Most are already sold for this year.  But I'll entertain trades for LOTS and LOTS of sling...jk.


----------



## beetleman (Aug 31, 2007)

those are awesome! i luv amazons,wow ive seen the leopard amazons around here and there,but those are killer! thanks for sharing:clap:


----------



## UrbanJungles (Aug 31, 2007)

Thanks, I keep Leopards as well.
Here are some offspring from a couple of years ago...


----------



## zimbu (Aug 31, 2007)

They're all so beautiful and healthy looking!  I love the first shot especially, they all look so lively.  Do you have any pics of your adults?


----------



## UrbanJungles (Aug 31, 2007)




----------



## sidguppy (Sep 1, 2007)

Those colors.... 

gorgeous!

*Brian wrote:*


> That first pic is great! Nine heads in the air, very inquisitive


looks more like extremely defensive nasty bad tempered critters to me  

I used to work in a reptile zoo and on occasion we had a shipment of babies of snakes like that (Corallus hortulanus if I'm not mistaken) and I really hated these things. 
they look really nice and cute and then I had to clean the cage or replace the waterbowl, pry 4 or 5 of these nasties from my hand or arm (they seem to know where the gloves end; bastards!), get out the first aid kit, put some iodine on all the lil' holes they made in my skin.....they have a LOT of tiny needle like teeth wich are razorsharp and they bite at the drop of a hat.....
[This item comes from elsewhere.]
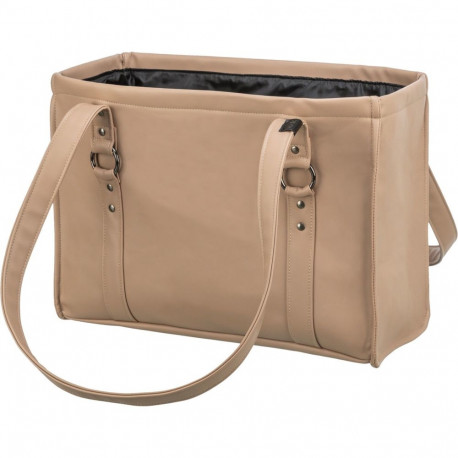 CityStyle carrier, 40 × 20 × 30 cm, cappuccino
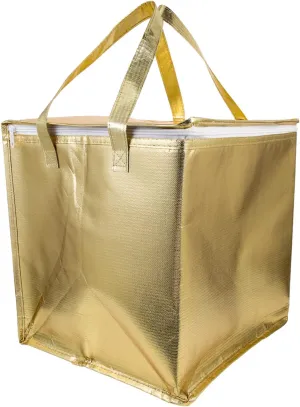 Zerodeko Insulated Food Bag Portable Grocery Tote with Handle Design for Takeout and Catering Bright Color for Easy Identification Collapsible Storage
a wee little snake with a LOT of character in my experience.
bastards
 

still a very nice clutter and some serious awesome breeding going on here! amazing stuff


----------



## Nivek (Sep 2, 2007)

Nine gorgeous heads looking for something to bite! I love ATB's and their take on the world attitude, lol. Truly spectacular snakes! Congrats on the success with them as well.:clap:


----------



## Schlyne (Sep 5, 2007)

I love that first shot.  Nice batch of little nippers


----------



## jonnysebachi (Sep 10, 2007)

Awsome babies, I have been thinking of trying those snakes.  If i have questions i will keep you in mind for resources.


----------



## UrbanJungles (Sep 17, 2007)

My website also features alot of caresheets and info...if you have any other questions just shoot me a PM.


----------



## Morax (Sep 19, 2007)

*congrats!!*

imagine waking up to all those heads in your face...beautyful atb's snakes i love there colors your a lucky guy....congrats:clap:


----------